▸ ACTIVITY
A faithful copy is required. Print each line of the data exactly and omit the pictures.

▸ DATA EXTRACT
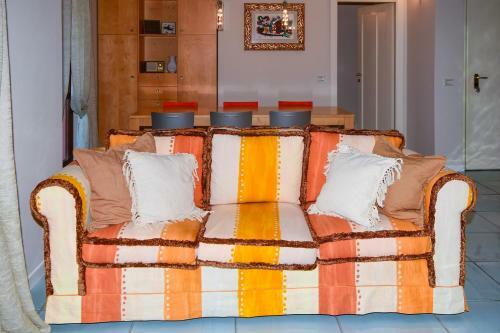 Apartamento Easy Welcome Casa Marina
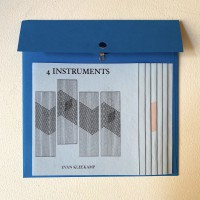 FOUR INSTRUMENTS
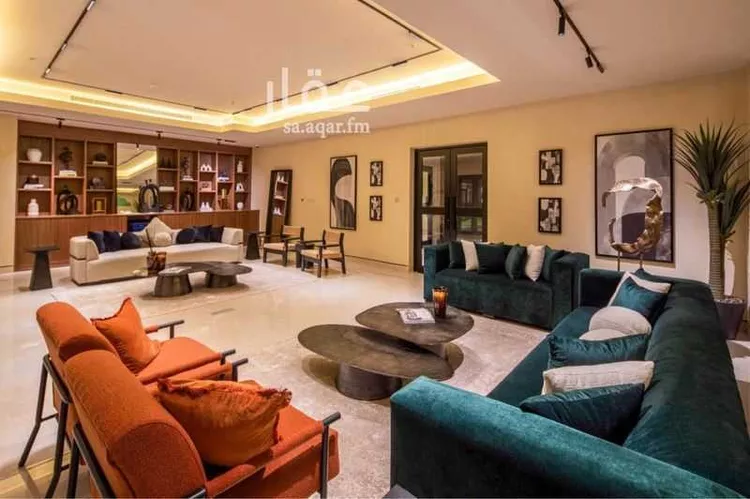 شقة للبيع في شارع محمد اقبال, حي النرجس, مدينة الرياض, منطقة الرياض صورة 2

▸ ANSWER
 Apartamento Easy Welcome Casa Marina
 FOUR INSTRUMENTS
 شقة للبيع في شارع محمد اقبال, حي النرجس, مدينة الرياض, منطقة الرياض صورة 2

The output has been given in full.